In the video you see Romney addressing a group of donors following his clinching of the G.O.P. nomination in March. When asked to discuss his campaign strategy, Romney begins by commenting on the estimated 47-percent of the electorate who are supposedly democratic hard-liners. Who, regardless of what happens between now and the election, will turn out to vote for Obama. The goal, says Romney, is to focus on the 5-10 percent of the electorate who are self-identified independents.
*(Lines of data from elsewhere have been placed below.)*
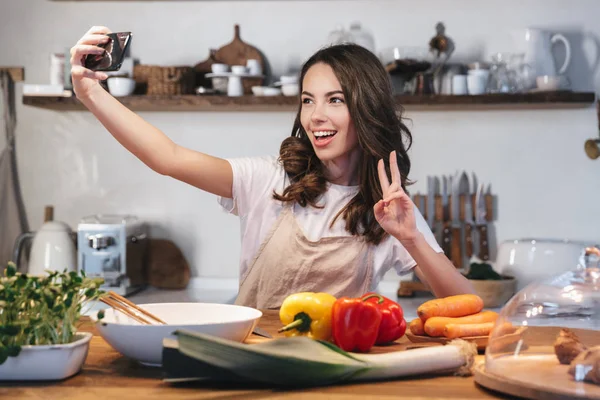 Güzel genç kadın apron pişirme sebze giyiyor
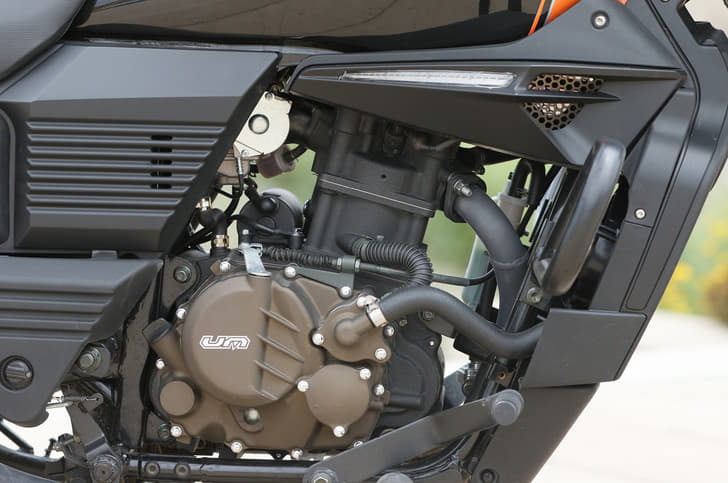 Carburetted engine is used in the same state of tune on both bikes. Ultra tall gearing blunts responsiveness of this motor. 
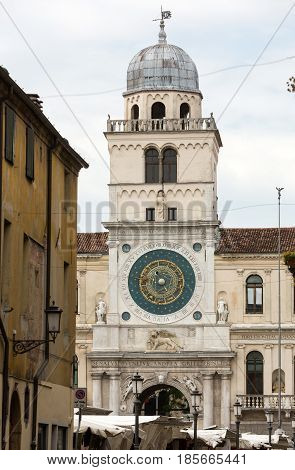 Clock tower building of medieval origins overlooking Piazza dei Signori in Padova Italy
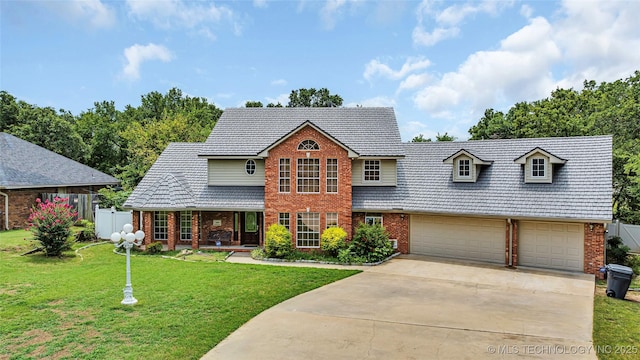 view of front facade with a garage and a front lawn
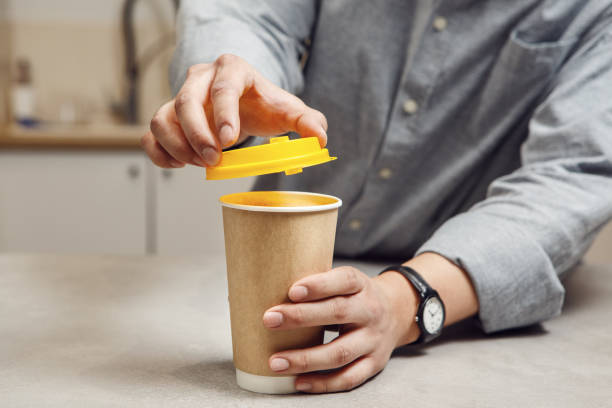 istock Barista Securing Yellow Lid on Takeaway Coffee Cup at Cafe Counter 2155168916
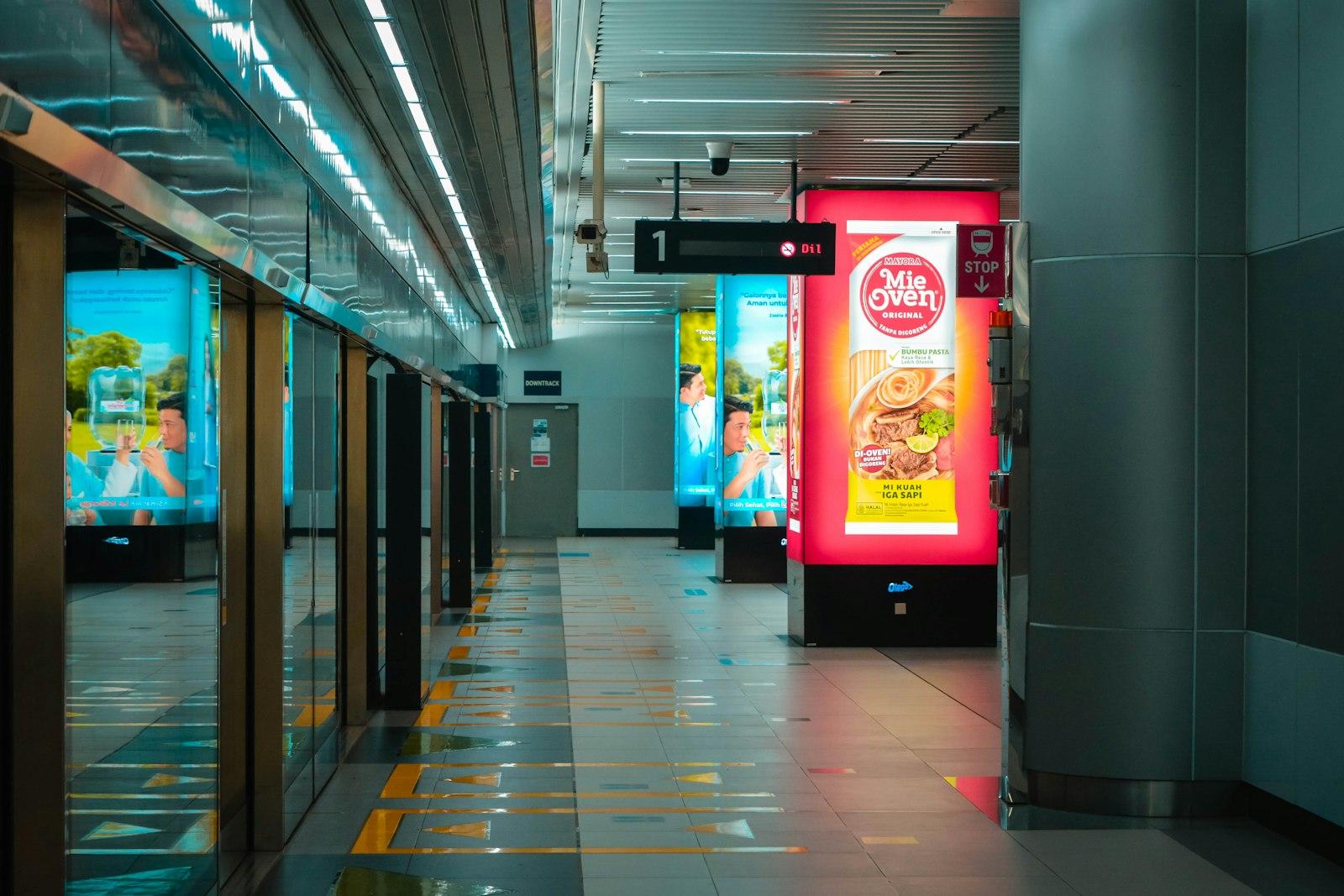 Corredor de estação com painel de mídia digital iluminado em vermelho. Foto: Syahril Fadillah / Unsplash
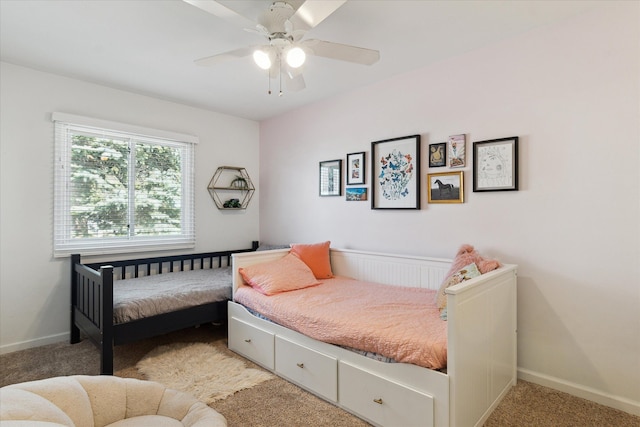 bedroom featuring light colored carpet, a ceiling fan, and baseboards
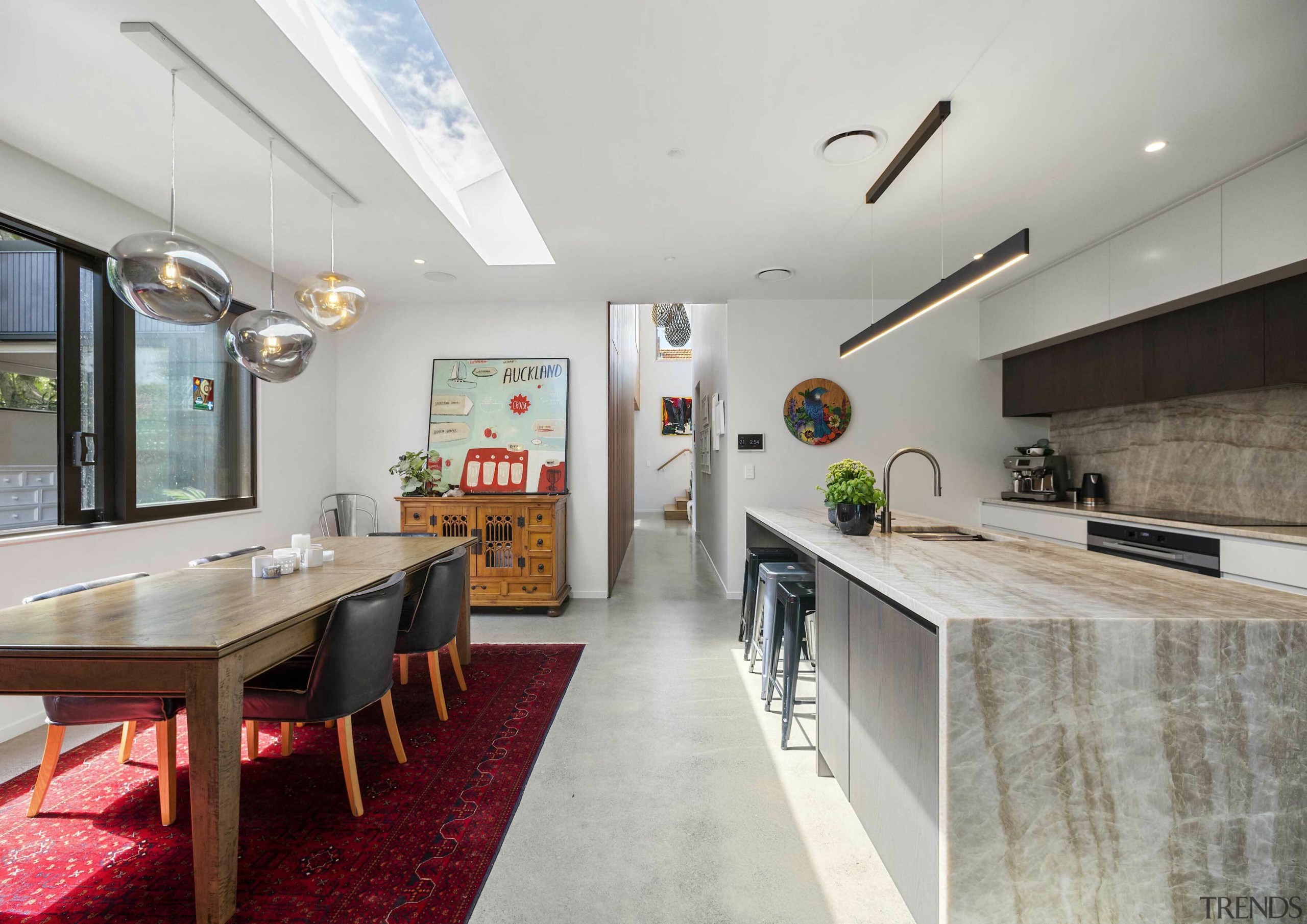 A stone waterfall benchtop matches the splashback in 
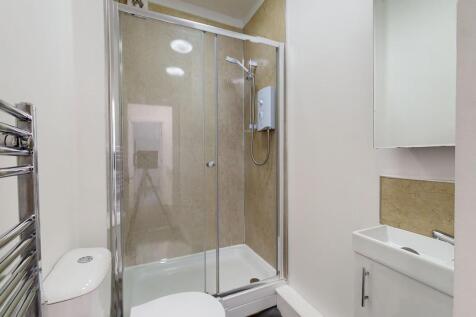 Modern bathroom suite featuring a large walk-in...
There is nothing controversial about this. Much could be the same for the democratic campaign of Obama. It has to be assumed that any party is going to lose, regardless of circumstances, a sizeable chunk of eligible voters. It would simply be sloppy campaigning if any candidate were to spend their time courting the votes of those whose minds have never been anything but made up. The problem arises however with the language that Romney uses to characterize this 47-percent. At one point, Romney chides this group as one that he will never be able to convince to “take personal responsibility and care for their lives.” “My job,” said Romney, “”is not to worry about those people.” To quote Romney at length:
There are 47 percent of the people who will vote for the president no matter what. All right, there are 47 percent who are with him, who are dependent upon government, who believe that they are victims, who believe the government has a responsibility to care for them, who believe that they are entitled to health care, to food, to housing, to you-name-it. That that’s an entitlement. And the government should give it to them. And they will vote for this president no matter what…These are people who pay no income tax.
In the above quote, it would appear that Romney views a little under half of the country as parasitic. They live off the government dole, they pine for hand-outs, and they apparently (despite Romney’s earnest efforts) fail to even care for their own lives. These people don’t even pay income tax! If they can’t even take responsibility for their lot in life, then what responsibility does the government have to care for them?
It’s one thing for a candidate to dismiss a population for the purposes of effective campaigning, but it’s another thing entirely to express such obvious distaste for their very existence. It is clear that Romney views these people as not only irrelevant for his White House bid, but as President Romney, he would show the same kind of dismissiveness. Unfortunately for Romney, if he were to win in November, he would not be the president of the 53-percent that would have elected him alone- he’d have to work for the plebs as well. To return then to the question: “Why does Romney want to be President?” it would seem that we still lack an answer. He shows no willingness to engage other countries on equal footing, he shows am alarming disregard for the importance of how the U.S. is viewed abroad, and he obviously thinks of half of the country as unworthy of consideration- even as he works to someday rule them.